Sie wurde gebaut, um ein Reich zu regieren, doch bald genügte sie dafür nicht mehr. Die Wiener Hofburg, Sitz des Monarchen, war zu eng für eine professionelle Verwaltung samt Registraturen und Archivarien. Heute bietet sie gerade dem Präsidenten und seinem Stab genug Raum für Besprechungen hinter der Tapetentür. Die wahre Staatsmacht sitzt schräg gegenüber im Bundeskanzleramt – und ist heiß umfehdet: Gerade entbrannte der Kampf um das Ticket für den Einzug in die vor 300 Jahren errichtete Staatskanzlei. Wer es löst, wird erst im Herbst entschieden, welche historische Bürde damit einhergeht, steht schon fest.

Im Jahr 1717 beauftragte Kaiser Karl VI. seinen Hofkanzler Philipp Ludwig Graf Sinzendorf, einen Ort für den Bau der „Geheimen Österreichischen Hof- und Staatskanzlei“ zu suchen. Der fand ein äußerst unattraktives Eck: den Ballhausplatz. „Die Löwelstraße war halb so breit, die Stadtmauer stand noch, daneben ein alter Bauernhof, von dem die Kaiserkinder die Milch bezogen, und auch das Minoritenkloster gab es“, schildert Manfred Matzka, ehemaliger und bisher längstdienender Sektionschef der Präsidialsektion im Kanzleramt. Alles Beengungen, trotz derer Baumeister Johann Lukas von Hildebrandt ein fünfeckiges Kunstwerk gelang. Um es zu finanzieren, wurde eine neue Steuer „auf jedes bay allhiesiger Stadt Wien Pfund Rindfleisch“ eingeführt.

Haus der Intrige. Am 13. September 1717 erfolgte die Grundsteinlegung. Zwei Jahre später erhob sich ein schlichter Rohbau, der Prachtvolles verbarg: schmiedeeiserne Gitter, verzierte Kandelaber, eine breite Schautreppe zum Prahlen, eine Zuckerbäckerei für das leibliche Wohl. 1742 verfügte Maria Theresia, die „Staats-Cantzley von der österreichischen anzusöndern, und bey der ersteren ein Besonderes Capo unter dem Titul eines Hoff-Cantzlers [. . .] einzurichten“. Zum ersten Hofkanzler wurde Corfiz Graf Uhlfeld bestimmt, „Staatssekretär“ wurde Johann Christoph von Bartenstein. Mit den Ämtern kam die Rivalität. „Es war ein Haus voller Intrigen, der eine wollte den anderen ausbooten“, schildert Matzka und schreibt das auch in seinem gerade erschienenen Buch „Die Staatskanzlei“. Als Beispiel nennt er Wenzel Anton Graf Kaunitz-Rietberg.

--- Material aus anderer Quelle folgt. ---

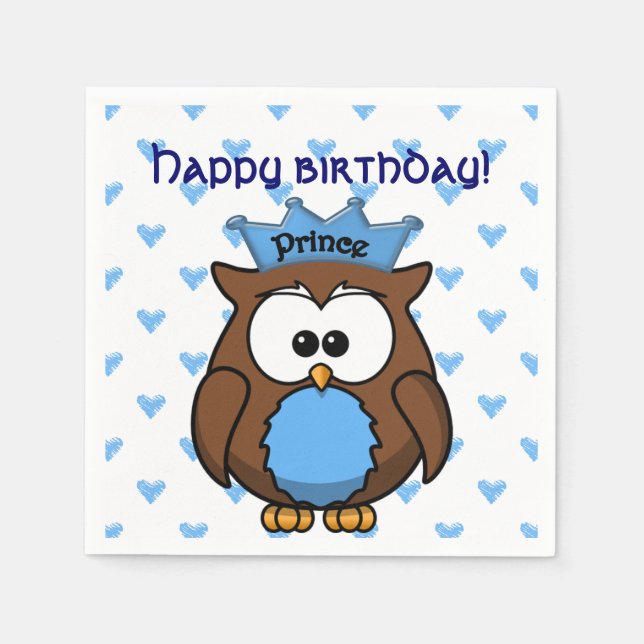 Fürstenuhu Serviette (Vorderseite)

Der hagere Diplomat mit der rosaroten Perücke konnte nicht umhin, sich kräftig in die Kultur- und Sozialpolitik Josephs II. einzumischen – was in heftige Dispute ausartete. Als Kaunitz 1792 abtrat, sank das Haus in die politische Bedeutungslosigkeit ab, aus der es erst Clemens Wenzel Fürst Metternich herausmanövrierte.